Однажды я, как мать, решила порасспросить его об этом. Между нами давно не было никаких недоговоренностей. Леонардо, впрочем, не выразил особой заинтересованности темой:

– Считается, что женское вожделение противоположно мужскому. Ей хочется, чтобы его cazzo был по величине как можно больше, а ему желательно, чтобы ее органы были поменьше. Вот почему ни один из них не получает ожидаемого.

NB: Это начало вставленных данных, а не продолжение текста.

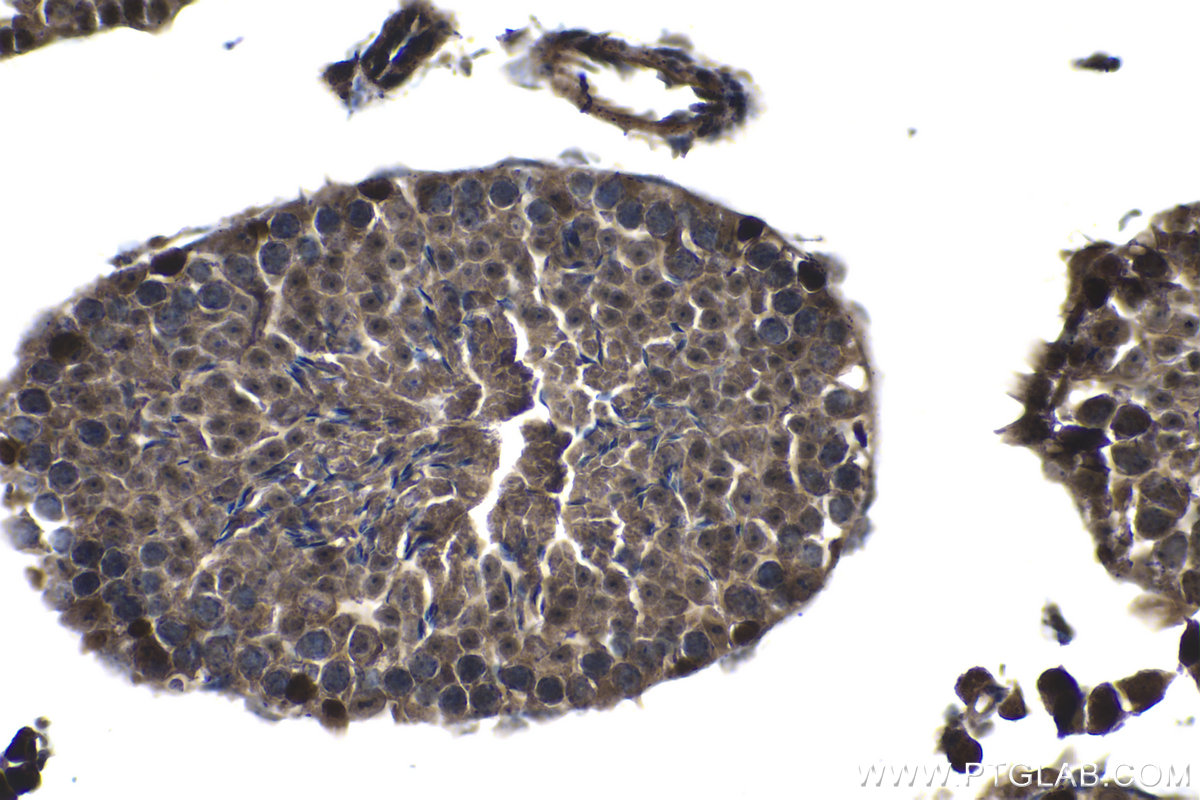 Immunohistochemistry (IHC) staining of mouse testis tissue using SALL4 Polyclonal antibody (24500-1-AP)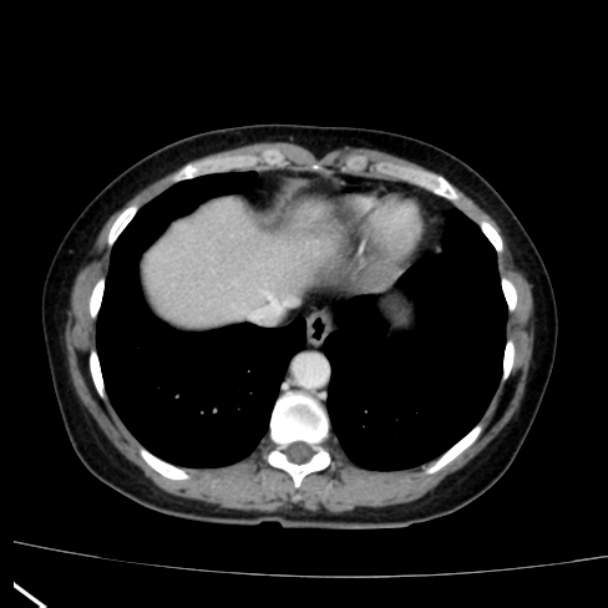 Bosniak renal cyst - type I (Radiopaedia 27479-27675 C 6).jpg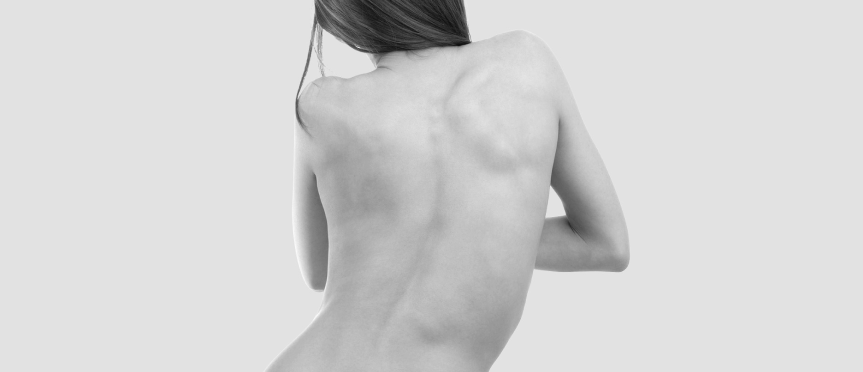 scoliosis girl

А тебе не кажется, мамочка, – с искренним чистосердечием поинтересовался вдруг Леонардо, – что гениталии вообще неописуемо уродливы?

– Никогда об этом не задумывалась, – рассмеялась я.

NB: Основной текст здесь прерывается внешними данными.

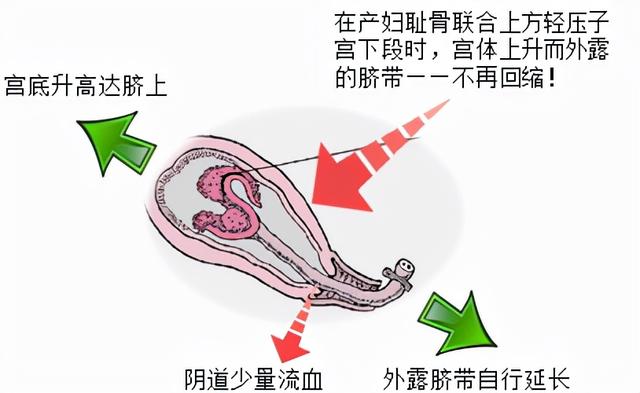 生孩子是突然发动还是有预兆，分娩发动是突然的吗（胎位为什么头先出来是正常）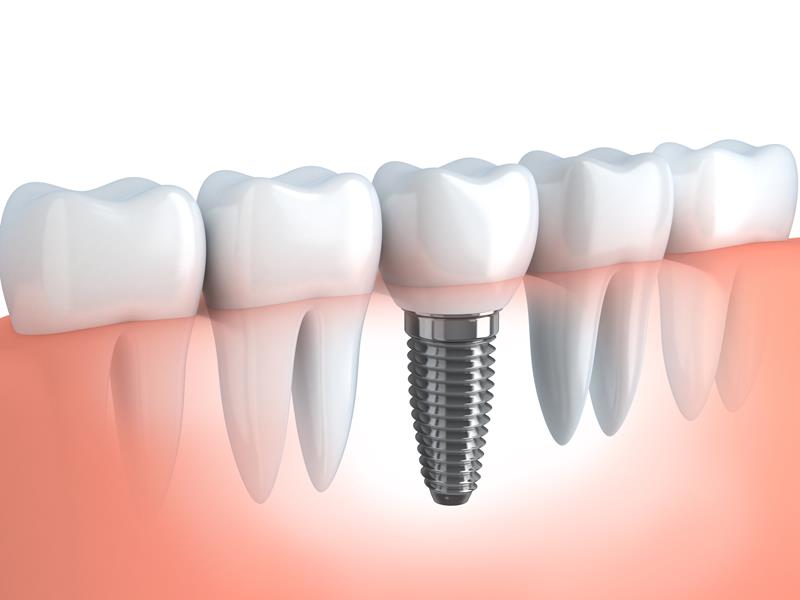 Dental Implants  Springfield, MA 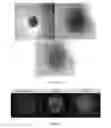 Fig. 10 - Three dimensional microtissue bioprinter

– А я думаю, что если бы не лица, не различные украшательства партнеров, – сказал мой сын, – не возбуждающие плоть порывы…

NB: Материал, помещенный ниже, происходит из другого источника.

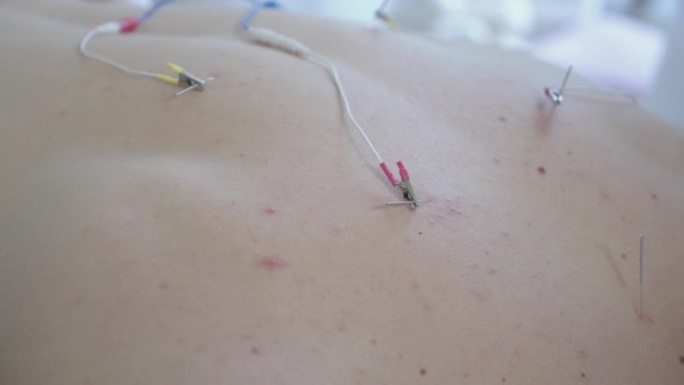 用插入的针灸针和连接的电气设备对男性高加索人背部进行特写。无法识别的人的电针。肌肉疼痛的愈合，替代疗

– Ты о любви? – не поняла я.

– И о любви, и о страсти тоже – как угодно. Без них, без смазливых лиц человеческая раса, наверное, давно и окончательно вымерла бы.

– Леонардо!

– Но ты же сама спросила…

– Верно, – нехотя согласилась я.

Впрочем, больше я ни о чем его не спрашивала. Мне никогда не взбрело бы на ум отыскивать в Лоренцо мнимые уродства, тем более ломать голову о тщете наших соитий – я знала только, что в его руках я будто оживаю и снова живу. У него было сильное, прекрасно сложенное тело, но предпочтение я все же отдавала ногам и ягодицам, всякий раз с наивным восторгом любуясь ими. Его рельефные мускулы округло перекатывались под гладкой смуглой кожей, грудь упруго твердела под густой темной порослью, а маленькие соски проворно отзывались на мои настойчивые покусывания.

Леонардо, наверное, подивился бы, узнав, что сексуальное древко Лоренцо, на мой взгляд, было прочным и весьма изысканным творением. И пусть его обладателю недоставало талантов в живописи и в скульптуре, пусть он не умел создавать ювелирные шедевры, зато занятия любовью он превратил в подлинное искусство. В моей постели Лоренцо знал одну страсть – наслаждение, во всех мыслимых видах и образах. Мы неделями познавали тела друг друга, пока на них не осталось впадинок, отлогостей и прочих нежных местечек, которые укрылись бы от нашего эротического исследования и восхищения. Мы опробовали французские и восточные способы любви. Лоренцо приносил с собой экзотические мази, а я приготовляла для нас травяные взвары – особенно по первости. Мы хохотали до упаду ничуть не меньше, чем стонали в экстазе. Кровать стала для нас и столовой, и читальней, местом, где можно доверить друг другу любые тайны, и страхи, и самые необузданные мечтания, какие только мы дерзновенно надеялись претворить в жизнь.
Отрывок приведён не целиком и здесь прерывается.